(Collected data entries)
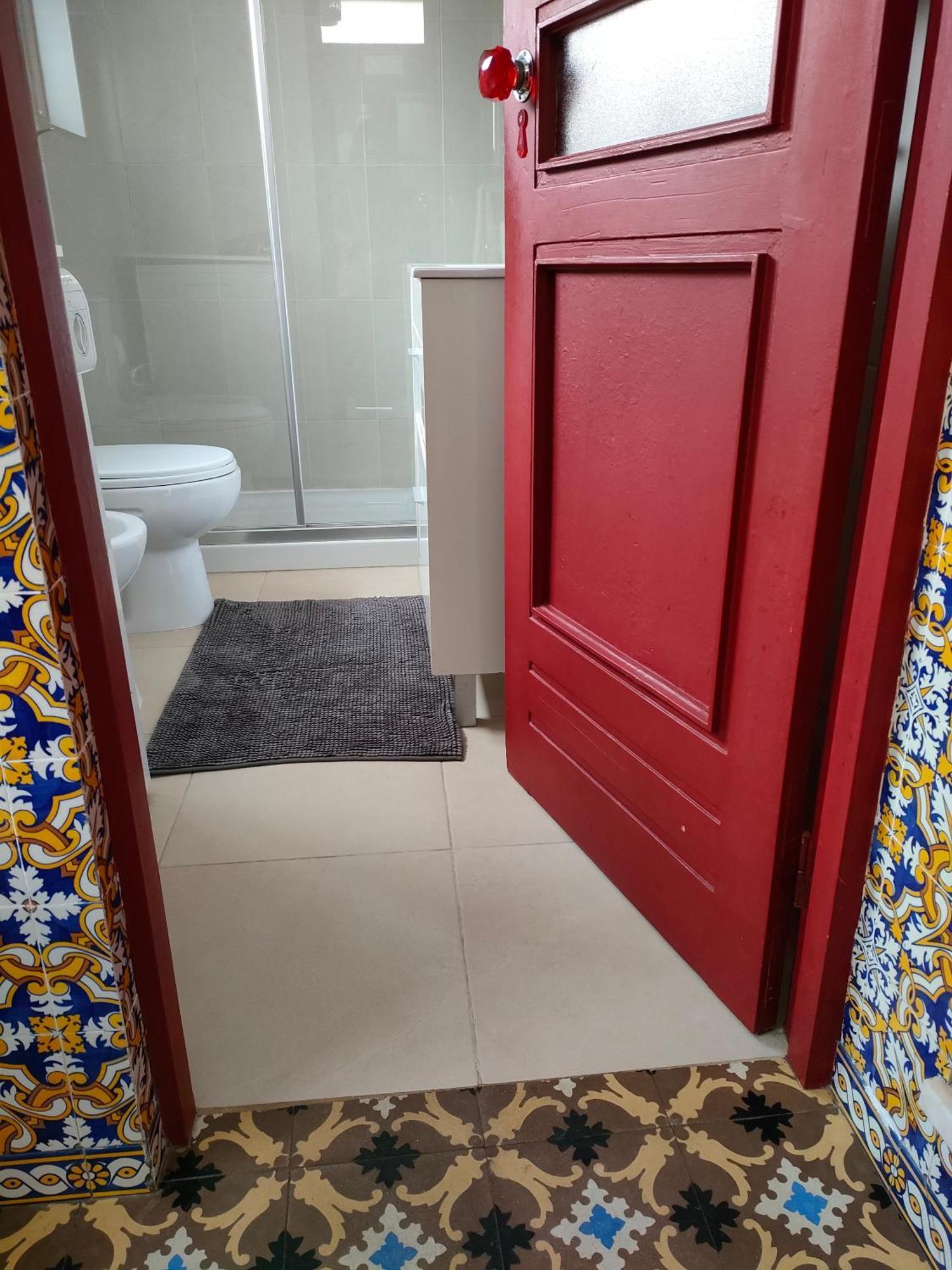 Apartamento Boavista Vila Nova de Gaia Exterior foto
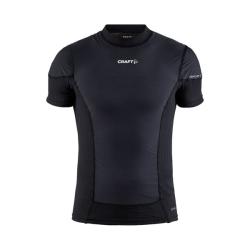 Craft Active Extreme X Wind SS 1909691 funkční triko - černá (999985)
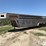 1996-titan-trailer-image-1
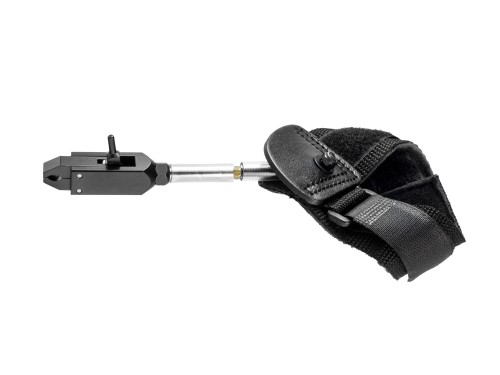Spust do łuku Poe Lang B10010A- 58581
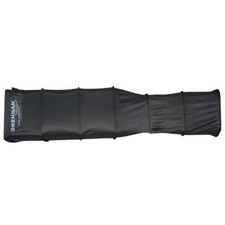 Drennan Compact Carp Keepnet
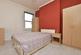 Additional image 10 of Grosvenor Road, Broadstairs CT10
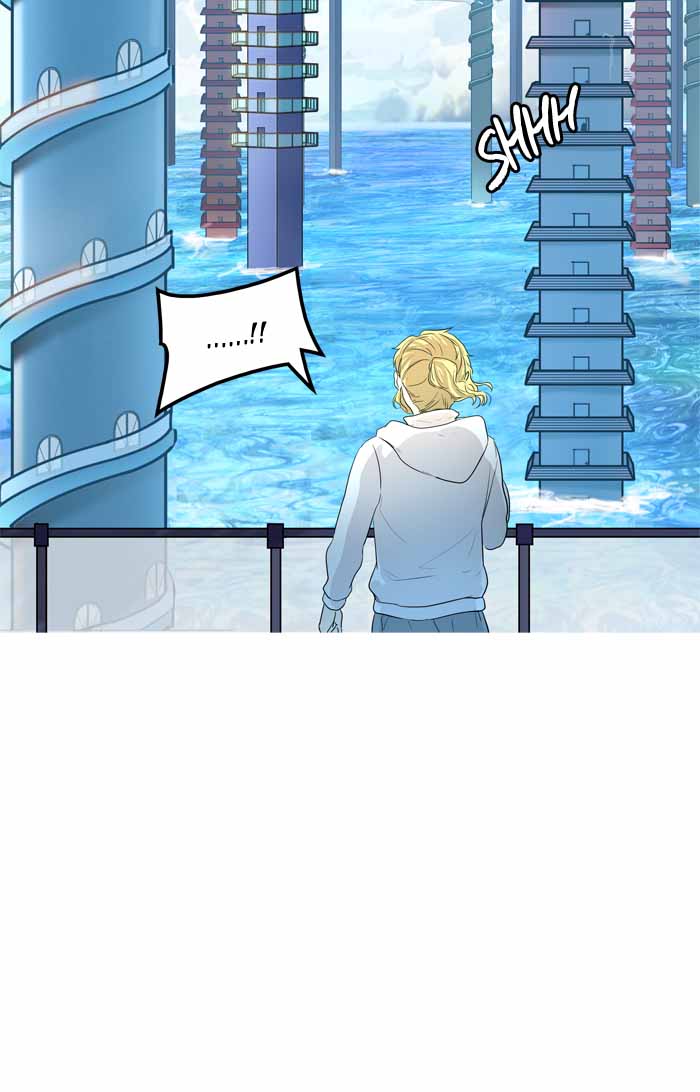 Tower Of God 355 36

What to do :: Your answer should hold every record above, printed exactly and free of pictures.

Solution ::
 Apartamento Boavista Vila Nova de Gaia Exterior foto
 Craft Active Extreme X Wind SS 1909691 funkční triko - černá (999985)
 1996-titan-trailer-image-1
Spust do łuku Poe Lang B10010A- 58581
 Drennan Compact Carp Keepnet
 Additional image 10 of Grosvenor Road, Broadstairs CT10
 Tower Of God 355 36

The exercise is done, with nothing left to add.